Give the records below again in full, exactly as written, but without any images.

◆ ◆ ◆ ◆ ◆

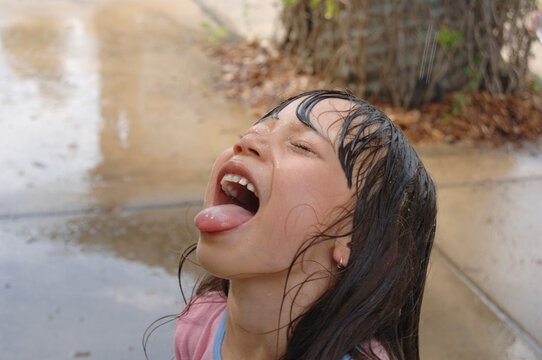 Portrait of Girl Outdoors, The Solar Living Institute, Hopland, California, USA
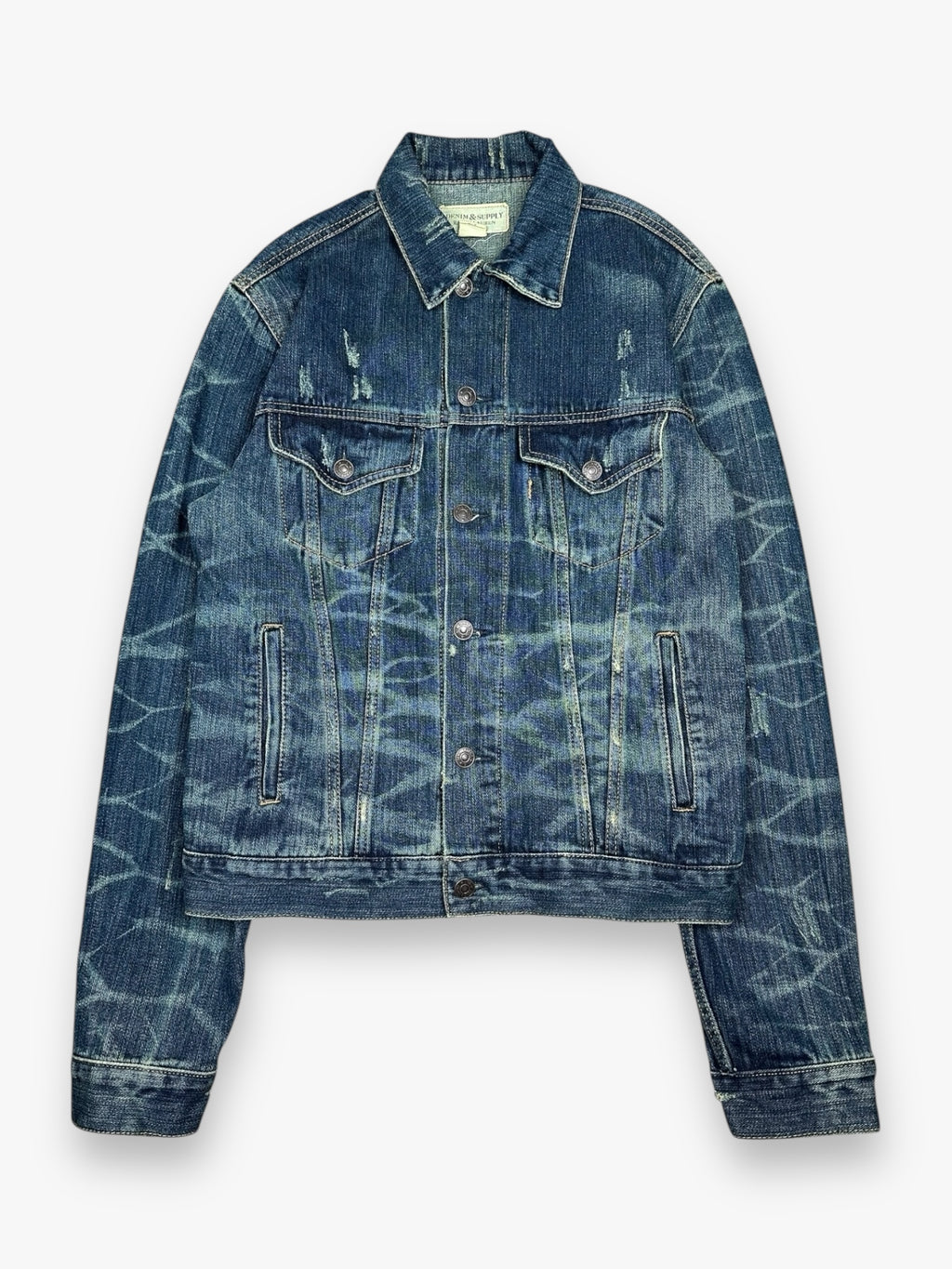 Ralph Lauren Denim &amp; Supply Destroy USA Flag Denim Jacket Blue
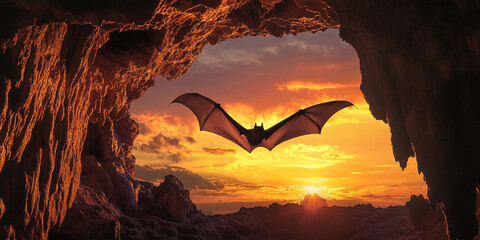  Bat Flying in Sunset from a Cave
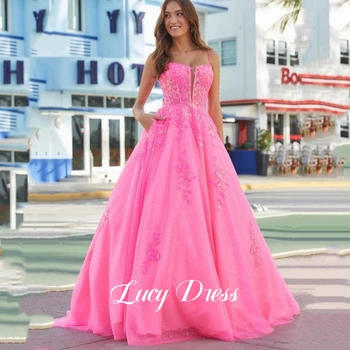 Lucy Linie A Elegantní Večerní Šaty pro Ženy Luxusní Večerní Šaty 2024 s hlubokým Výstřihem Dlouhé Svatební Party Šaty Es Hot Pink Prom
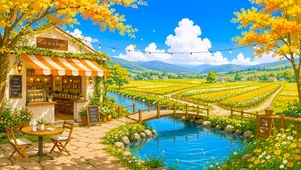 乡村秋天落叶小屋
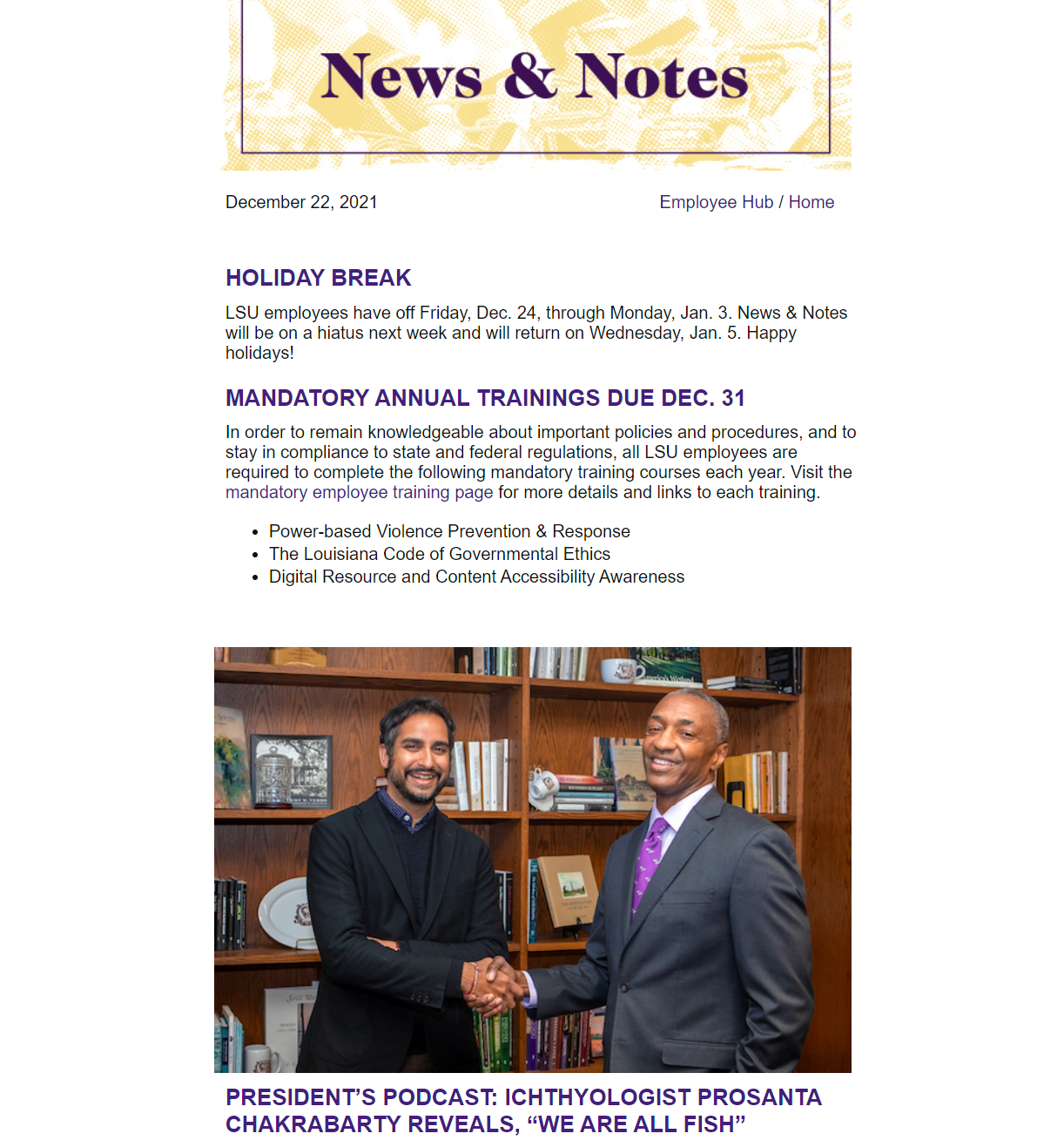 screenshot of LSU News and Notes newsletter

◆ ◆ ◆ ◆ ◆

§ Solution to this exercise:
 Portrait of Girl Outdoors, The Solar Living Institute, Hopland, California, USA
 Ralph Lauren Denim &amp; Supply Destroy USA Flag Denim Jacket Blue
  Bat Flying in Sunset from a Cave
 Lucy Linie A Elegantní Večerní Šaty pro Ženy Luxusní Večerní Šaty 2024 s hlubokým Výstřihem Dlouhé Svatební Party Šaty Es Hot Pink Prom
 乡村秋天落叶小屋
 screenshot of LSU News and Notes newsletter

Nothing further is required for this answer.